## Task to complete
Transcribe every line from the one containing "Cat Baseball Clipart, an" to the end of the listing, exactly as written, and leave out the pictures.

## Given data
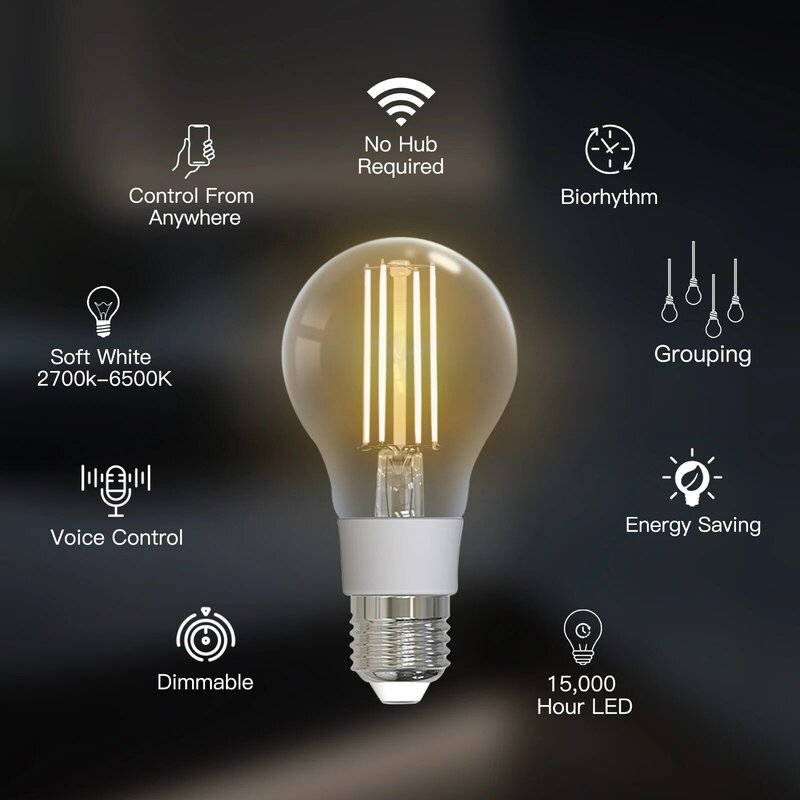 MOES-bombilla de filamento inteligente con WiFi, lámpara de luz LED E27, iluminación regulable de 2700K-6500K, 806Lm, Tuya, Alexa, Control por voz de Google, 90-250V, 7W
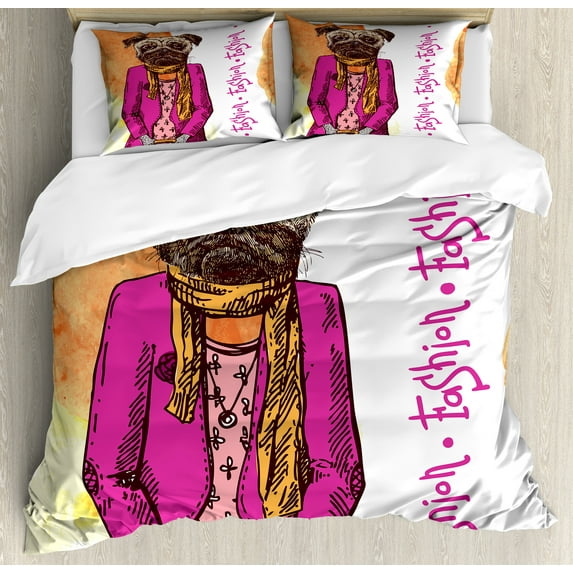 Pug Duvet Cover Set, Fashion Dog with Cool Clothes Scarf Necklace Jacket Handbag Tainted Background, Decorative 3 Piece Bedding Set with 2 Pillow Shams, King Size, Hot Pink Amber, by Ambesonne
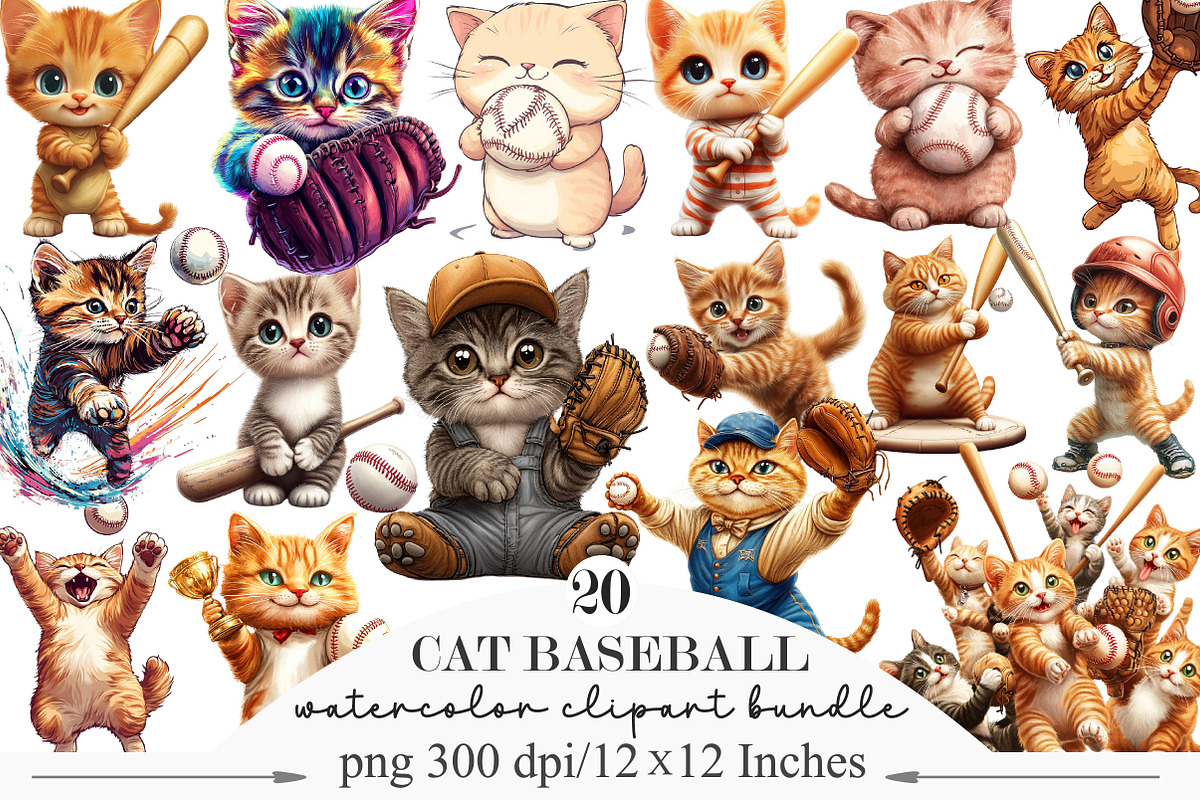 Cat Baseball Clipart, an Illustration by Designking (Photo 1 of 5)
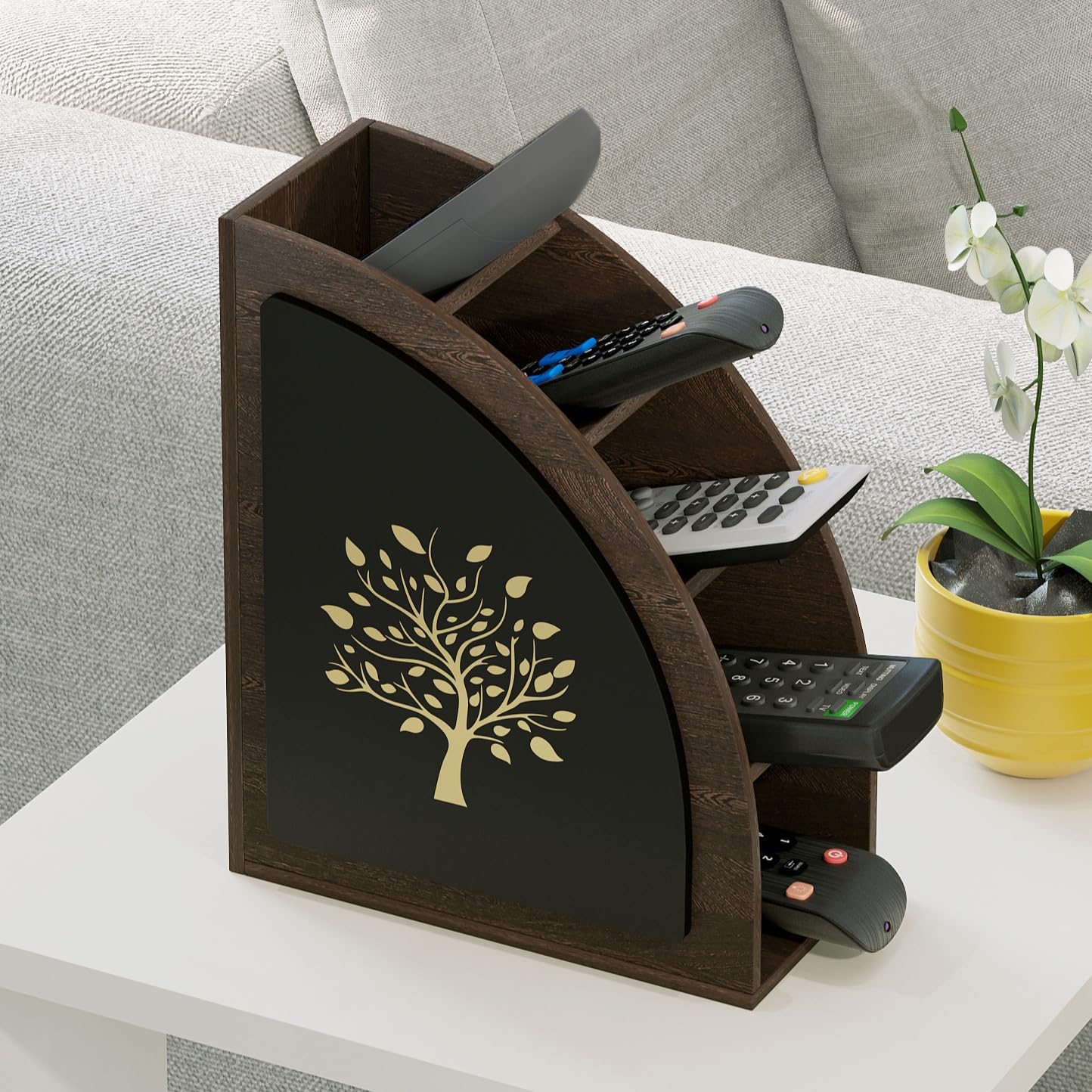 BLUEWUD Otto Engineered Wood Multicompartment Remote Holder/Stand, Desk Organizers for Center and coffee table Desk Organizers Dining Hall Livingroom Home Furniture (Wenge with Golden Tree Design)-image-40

## Result of the exercise
 Cat Baseball Clipart, an Illustration by Designking (Photo 1 of 5)
 BLUEWUD Otto Engineered Wood Multicompartment Remote Holder/Stand, Desk Organizers for Center and coffee table Desk Organizers Dining Hall Livingroom Home Furniture (Wenge with Golden Tree Design)-image-40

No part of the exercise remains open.